# Are we growing apart? Is she too busy?



## exoskeleton (Oct 2, 2012)

Hello,

I've never been on a website like this before, but I feel I need some real-life help.

We've been together 5 years, married 3 and live together - We've had our ups and downs like any relationship - but recently it's happening more and more frequently.

It's hard to put into words how I feel.. It's just a general "will this ever change" feeling. I don't doubt that we've both changed and have very different opinions. I'm very creative (I'm a web designer) and love life - romantic sop - will do anything to make her happy. The sort of guy who would work for £3 an hour as long as it's doing what I love.
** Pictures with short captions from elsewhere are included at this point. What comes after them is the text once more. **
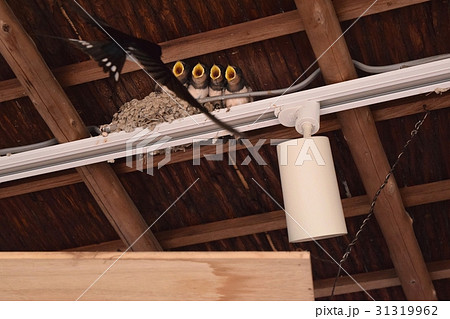 ツバメの巣 31319962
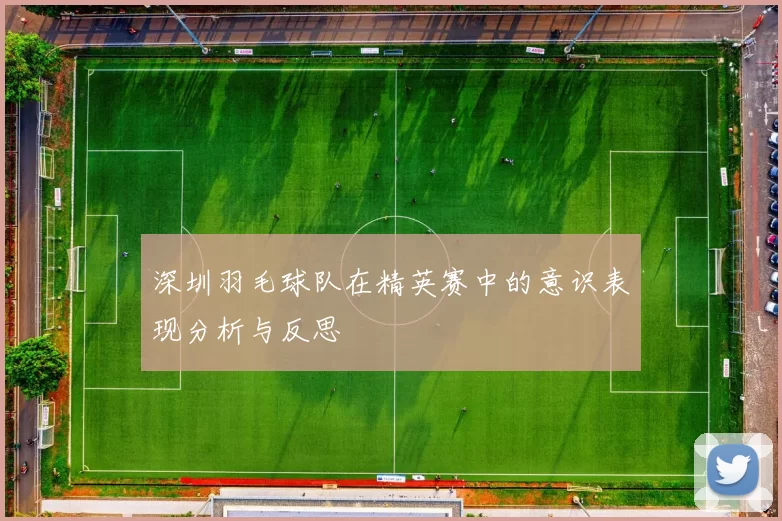 深圳羽毛球队在精英赛中的意识表现分析与反思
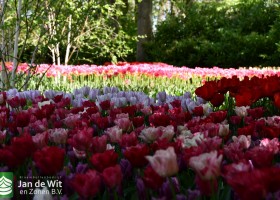 Keukenhof 2020 (55)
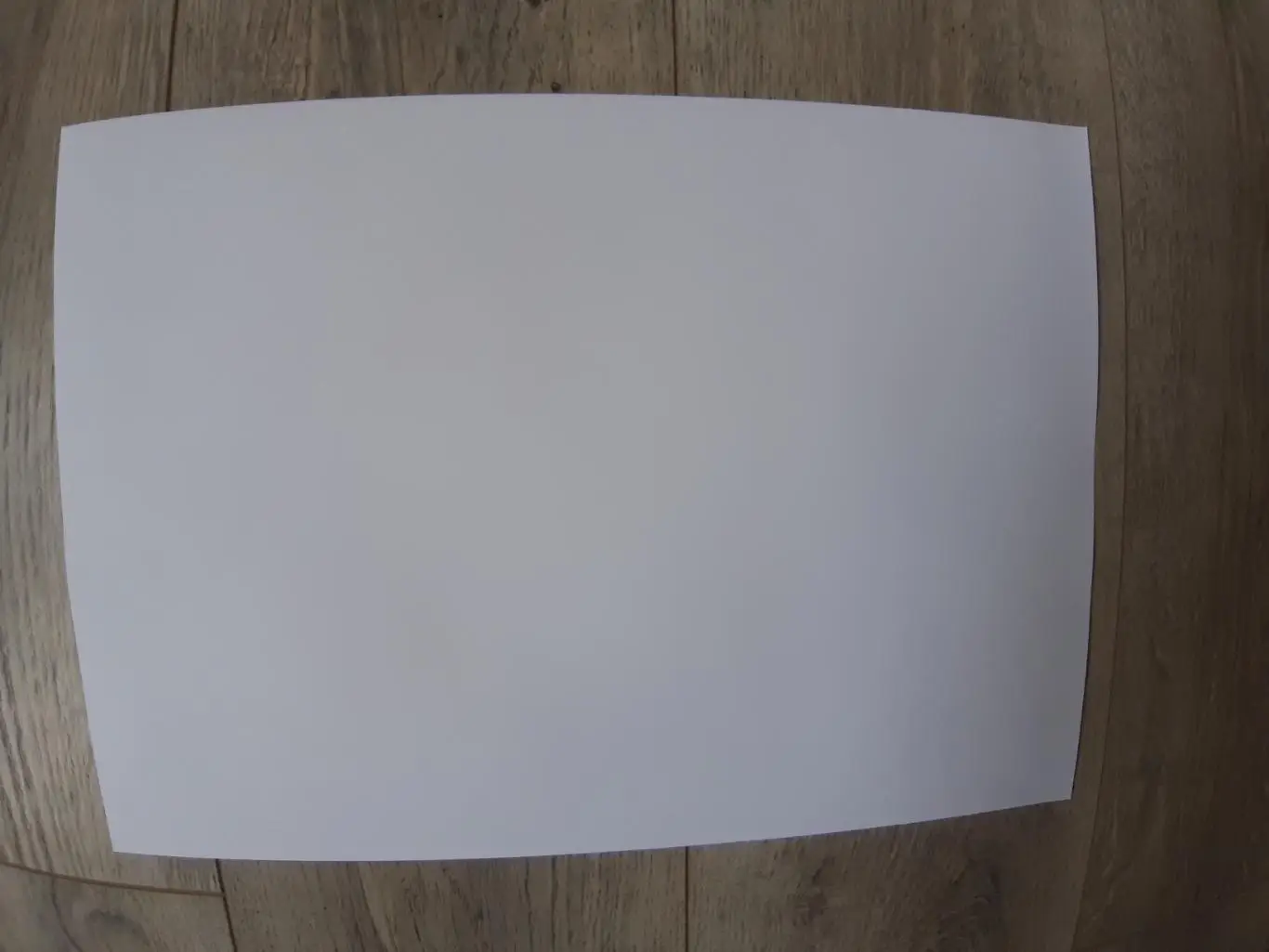 VIKTORIA PLZEN.2025 1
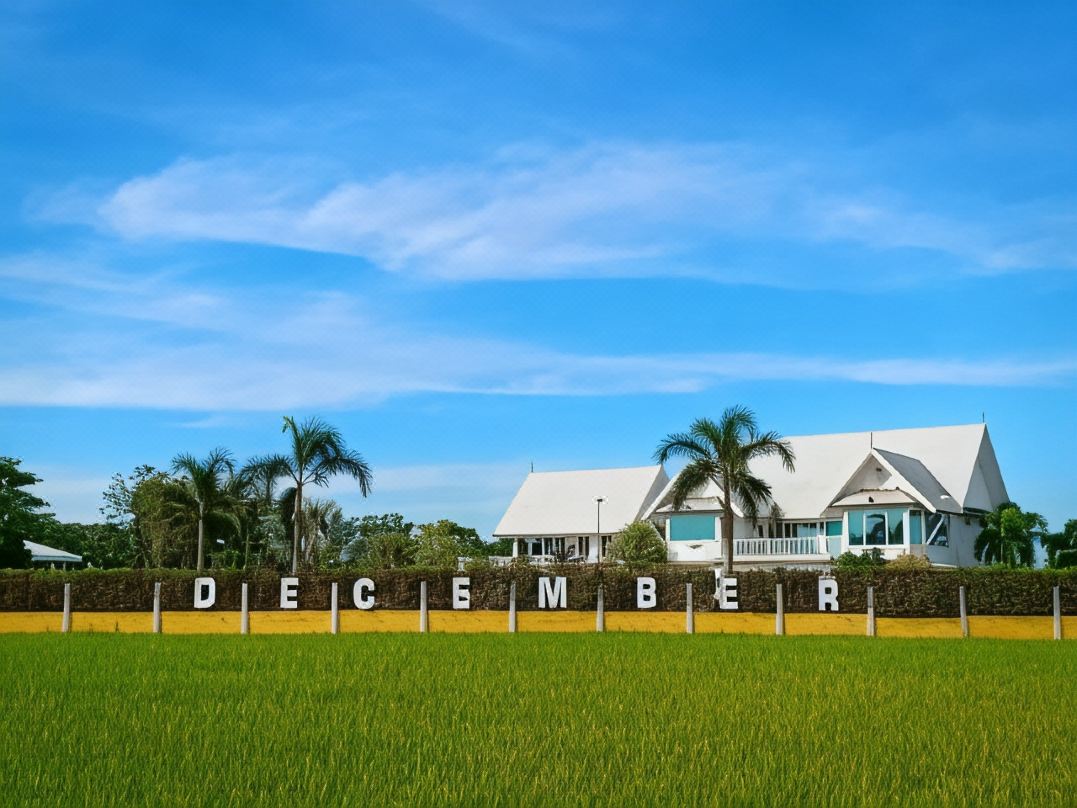December To Remember House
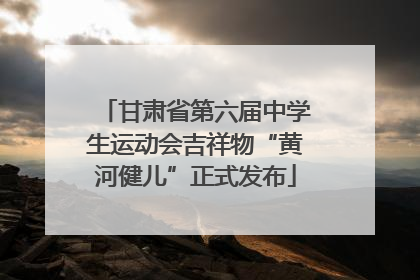甘肃省第六届中学生运动会吉祥物“黄河健儿”正式发布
But she's very different, she'll work a billion hours a week doing what she hates because the money's good. Her life consists of wake up, work, eat, sleep - and that's just something I could never do.

I always try to do romantic things such as propose walks, candle lit dinners, dancing etc.. and it all just goes hideously unappreciated. I keep trying to say things to her, but she has so much on her plate that If i moan to her that she won't come on a walk with me - I just feel selfish.

I don't doubt that we're growing apart, I don't doubt that she's 'too busy' to spend time with me.. But I don't know if this is something I can work at - Or will things ever change?

It feels like when you're in love with that girl at school and she doesn't even know you exist - except we're married..


----------



## Mavash. (Jan 26, 2012)

Each of us have our own priorities and things we value. Some value families. Some value careers or money. Wise ones find balance.

Your wife is one who values money over relationships. And unless she gets a wake up call it's likely to continue.

So what you do is stop all the romantic gestures, stop talking, and read up on the 180. See as long as she knows she's got you keeping the home fires burning she will feel no need to change. You're already 'caught' and therefore she is free to do as she pleases.

Find a hobby, make some friends, start going out again, don't just sit at home and pout. Make her wonder where you are while she's working those billion hours. She's taking you for granted and unless she's got you over a barrel somehow it's easily fixable.


----------



## SimplyAmorous (Nov 25, 2009)

> *Mavash said:* Each of us have our own priorities and things we value. Some value families. Some value careers or money. Wise ones find balance.
> 
> Your wife is one who values money over relationships. And unless she gets a wake up call it's likely to continue.


Mavash said it it all right there. How very true it IS. 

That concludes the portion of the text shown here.